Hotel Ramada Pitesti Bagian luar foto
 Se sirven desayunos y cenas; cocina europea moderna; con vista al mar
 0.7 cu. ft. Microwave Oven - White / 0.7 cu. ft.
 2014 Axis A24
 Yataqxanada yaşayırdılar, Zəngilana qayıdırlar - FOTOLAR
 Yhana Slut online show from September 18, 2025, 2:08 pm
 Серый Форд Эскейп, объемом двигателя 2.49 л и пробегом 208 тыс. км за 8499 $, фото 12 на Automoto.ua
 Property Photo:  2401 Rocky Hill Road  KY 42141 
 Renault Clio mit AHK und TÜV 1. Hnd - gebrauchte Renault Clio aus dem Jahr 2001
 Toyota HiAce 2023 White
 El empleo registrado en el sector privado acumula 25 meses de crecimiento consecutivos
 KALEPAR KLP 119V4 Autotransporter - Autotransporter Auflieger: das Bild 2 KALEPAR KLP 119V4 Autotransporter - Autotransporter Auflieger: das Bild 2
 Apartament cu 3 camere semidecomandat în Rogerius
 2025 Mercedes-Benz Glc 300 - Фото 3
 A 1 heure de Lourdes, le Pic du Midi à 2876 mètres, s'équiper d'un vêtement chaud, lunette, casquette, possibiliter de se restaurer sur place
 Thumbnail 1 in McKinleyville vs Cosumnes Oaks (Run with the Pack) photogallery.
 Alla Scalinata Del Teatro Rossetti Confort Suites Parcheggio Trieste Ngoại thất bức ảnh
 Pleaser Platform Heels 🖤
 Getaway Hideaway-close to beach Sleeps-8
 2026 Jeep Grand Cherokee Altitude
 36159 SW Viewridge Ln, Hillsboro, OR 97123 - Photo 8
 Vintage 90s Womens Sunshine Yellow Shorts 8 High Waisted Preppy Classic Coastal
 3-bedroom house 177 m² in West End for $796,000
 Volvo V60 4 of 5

########################################

• What to produce:
Show every line above in which the word "White" is found.

• Finished task:
 0.7 cu. ft. Microwave Oven - White / 0.7 cu. ft.
 Toyota HiAce 2023 White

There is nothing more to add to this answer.